To understand the geometric meaning to taking the positive part of a graded ring for defining Proj, you need go back to geometric quotients by algebraic groups. Proj is a quotient of an affine space (without "the origin") by the multiplicative group G_m. Unfortunately, this is not explained in the usual common books. –  Al-Amrani Oct 14 '13 at 11:51

1 Answer 1

up vote 9 down vote accepted

Up to replacing $S$ by the "Veronese subring" $S_{(e)} := \oplus_d S_{de}$, which does not change Proj, you may as well assume that $f$ has degree $1$. Consider the graded $R_0$-algebra homomorphism $u:R_0[t]\to R_{\geq 0}$ by $u(t) = f$.

First, $u$ is surjective. Indeed, for every homogeneous element $g$ in $R_d$, then $h=gf^{-d}$ is in $R_0$. Thus $ht^d$ is an element in $R_0[t]_d$ such that $u(ht^d)$ equals $g$.

Next, $u$ is injective. To prove this, observe that, since $u$ is a graded $R_0$-algebra homomorphism, also $\text{Ker}(u)$ is a homogeneous ideal.
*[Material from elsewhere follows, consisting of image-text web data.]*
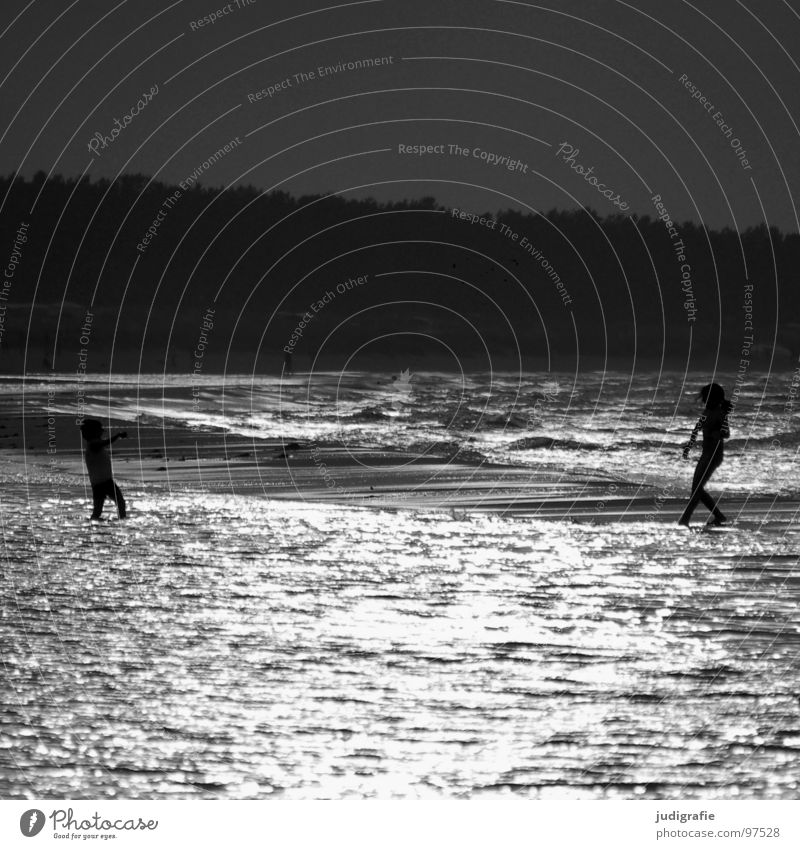 On the beach Lake Beach Ocean 2 Playing Light Back-light Evening sun Coast Black Black & white photo Baltic Sea Human being Dance Swimming & Bathing Walking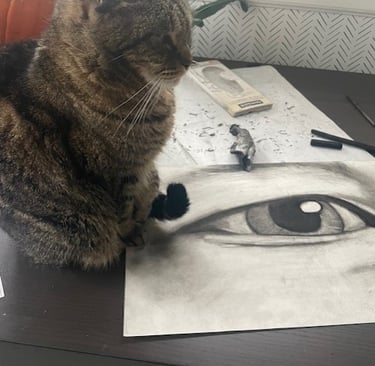 tabby cat and eyeball drawing in charcoal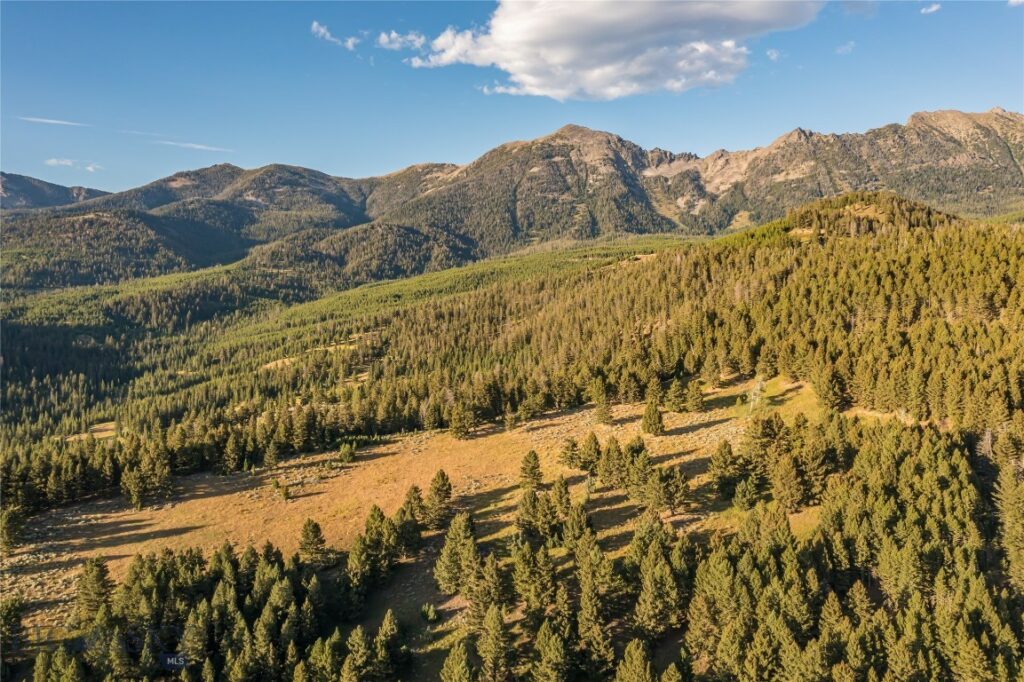 TBD Jack Creek Road, Moonlight Territory Parcel 5, Big Sky MT 59729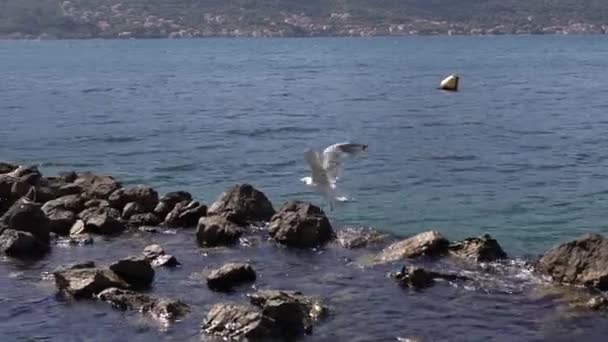 Beyaz Albatroslar Denizde Kayaların Üzerinde Uçar Yüksek Kaliteli Fullhd Görüntüler — Stok video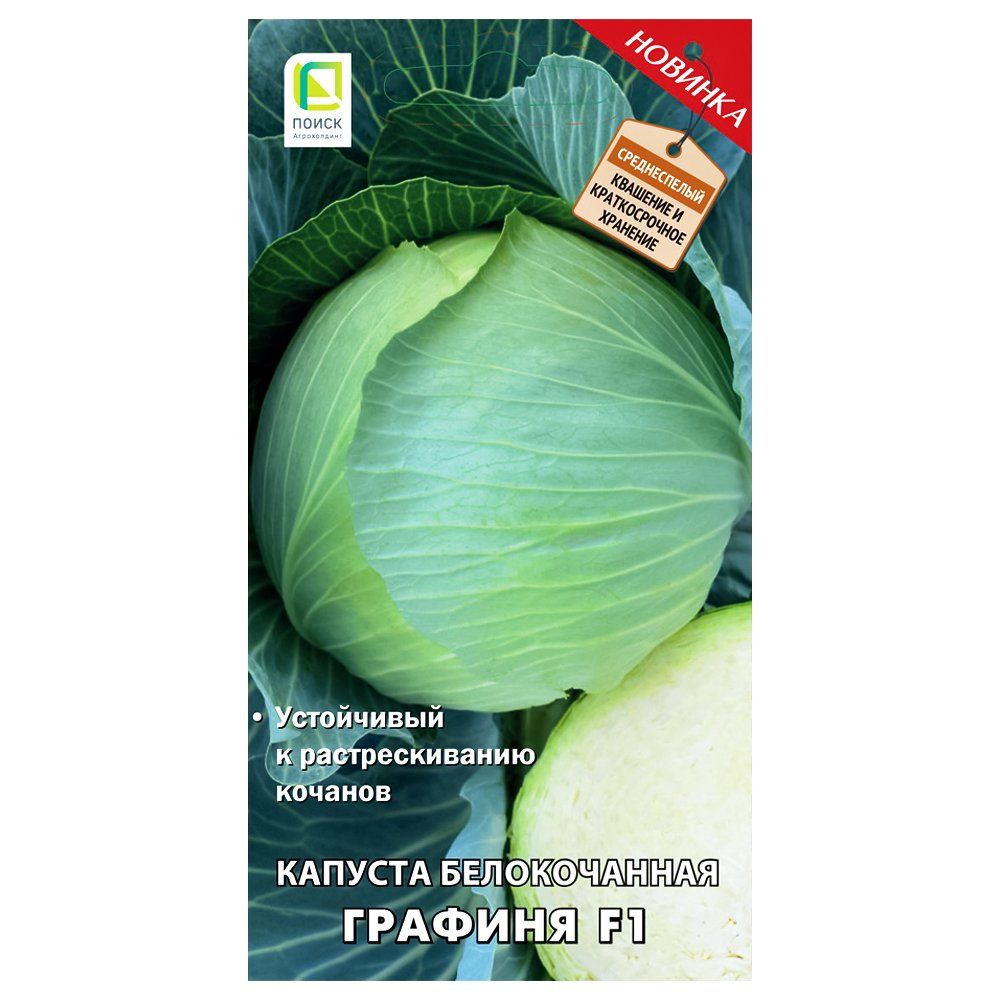 ������ ������ ������� ������������ ������� F1 �����   ����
Every element in $R_0[t]_d$ is of the form $ht^d$ for some $h\in R_0$. Also, $u(ht^d)$ equals $hf^d$. Since $f$ is not a zero divisor in $R$ (by construction), if $hf^d$ equals $0$, then $h$ equals $0$, hence $ht^d$ equals $0$. Therefore the only homogeneous element in $\text{Ker}(u)$ is $0$, i.e., $u$ is injective.

Since $u$ is an isomorphism of graded $R_0$-algebras, also $\text{Proj}(R_{\geq 0})$ equals $\text{Proj}(R_0[t])$. Of course $\text{Proj}(R_0[t])$ is just $\text{Spec}(R_0)$. Thus $\text{Proj}(R_{\geq 0})$ is canonically isomorphic to $\text{Spec}(R_0)$.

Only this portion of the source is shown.